Ich will nicht (zumindest inzwischen nicht mehr, habs vor einigen Jahren aufgegeben) beurteilen was für eine Bestzeit-Rallye sinnvoll oder notwendig ist, aber ich zitiere einfach mal einen Beitrag aus dem Gruppe-H Thread über den ich heute zufällig gestolpert bin.
„Genau deshalb habe ich den ganzen Kram vor 1-2 Jahren verkauft. Mir ging der ganze Schwachsinn auf die Nerven.
1. Der ganze Helm - Hans Gedönns
2. Käfig Zusatzstreben Bla Bla Blahhhh...... Deswegen haben sich Fahrer neue Karossen aufbauen müssen weil der vorhandene Käfig/Zelle nicht den Sicherheitsvorschriften entsprechen.
3. Jetzt das Gr.
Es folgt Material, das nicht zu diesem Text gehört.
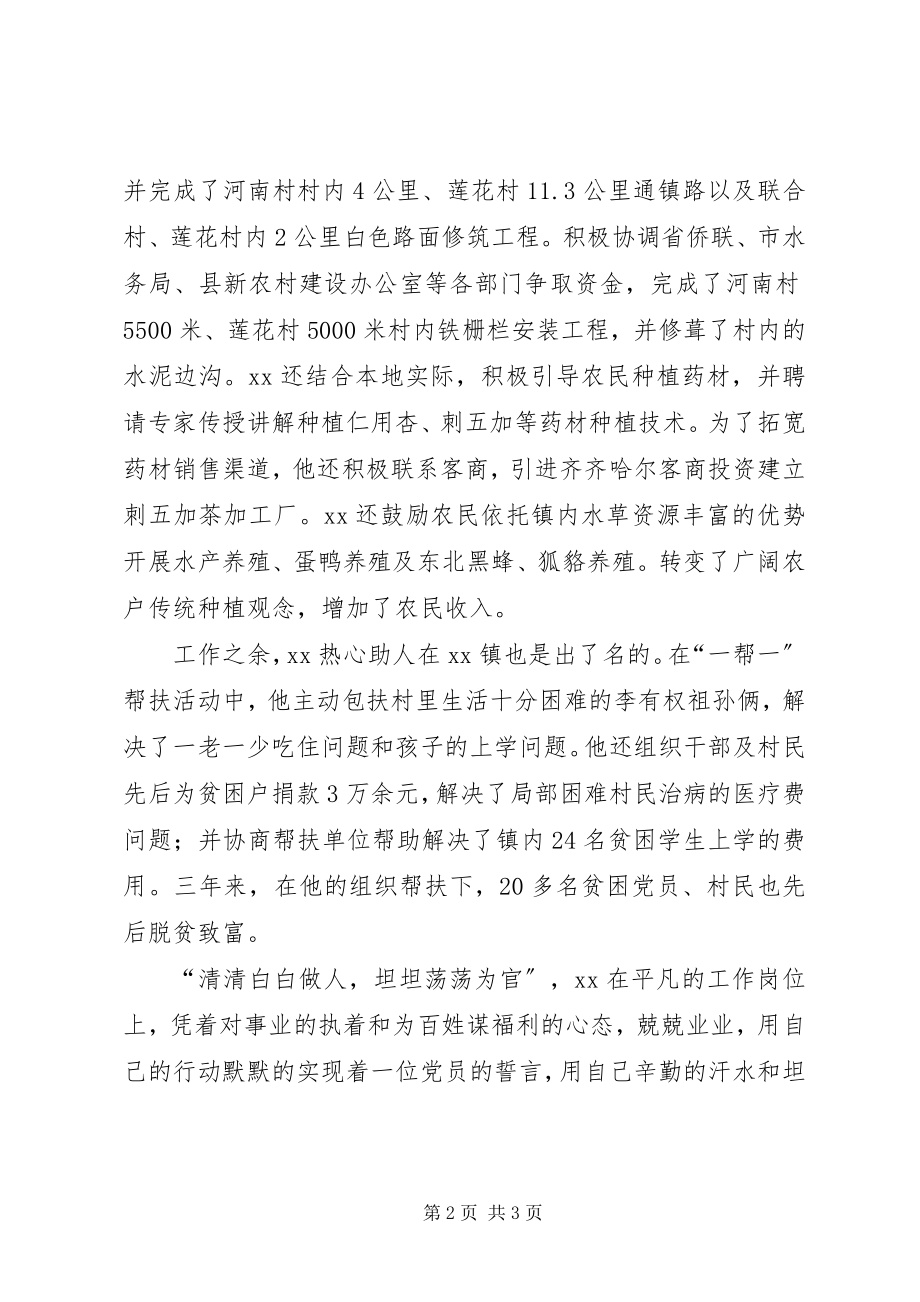 2023年乡镇长党风廉政建设先进事迹.docx_第2页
H " verbot" oder wie immer das jetzt aus geht.“
Ich will das nicht kommentieren, und auch keineswegs die Situation vergleichen, es geht mir nur darum in Erinnerung zu rufen, dass in allen Bereichen sich Leute fragen, was ist eigentlich wirklich sinnvoll und verhältnismäßig ist.
Ich für mich habe mich entschieden und ich hoffe ich habe nachvollziehbare Argumente dafür dargestellt. Hoffentlich muss ich mich nicht bald zwischen den Gleichmäßgkeitsrallyes auf öffentlichen Straßen und den Retro-Rallyes entscheiden, aber wenn beide nur noch gleich viel Spaß machen sähe ich keinen Grund mehr die Kosten für die Straßensperrungen und Streckenposten bei einer Retro Rallye mitzufinanzieren.
Zum Abschluss noch eine Anmerkung zum sportlichen Wert einer Retro Rallye nach aktuellem Reglement. Für mich ist es die perfekte Verbindung von sportlichem Autofahren auf abgesperrter Strecke ohne Zeitdruck, und damit mit der voll charakterbildenden Gewissheit vor jeder zweifelhaften Stelle einfach zur Sicherheit noch zwei Extra-Bremseinheiten einzulegen, mit der Herausforderung mit dem nicht sichtbaren vordersten Teil des Autos eine Lichtschranke auf die Zehntel oder inzwischen oft Hundertstel Sekunde genau zu durchqueren.
Klar gibt’s bei den großen Gleichmäßigkeitsrallyes, die hauptsächlich im Straßenverkehr stattfinden, manchmal 100 statt wie bei uns 6 Lichtschranken. Aber ich kann sicher sagen, dass ein Anlauf von 50-100 Metern (denn soweit ist das gelbe Schild ja meist vom Ziel entfernt) auf die Lichtschranke wie bei der Retro oder ein Anlauf von 10 oder von 1000 Metern auf die Lichtschranke bei dieser Sache überhaupt keinen Unterschied macht. Es ist gleich schwierig und interessant!
Den Sportsgeist der Teilnehmer kann man leicht sehen und hören wenn mach sich im Ziel mit ihnen unterhält, oder wenn man sieht wie nach dem Aushang der Zeiten der Sollabweichungen über jede gute oder schlechte Zeit kommentiert wird, alternative Szenarien berechnet werden (Mensch, wenn wir bei der WP4 nicht die 0,5 Sekunden kassiert hätten…..), denn dann sieht man: dieser Teil ist wie bei einer ganz normalen Rallye. Er ist genauso erhaltenswert wie die anderen Teile dieser faszinierenden Sportart.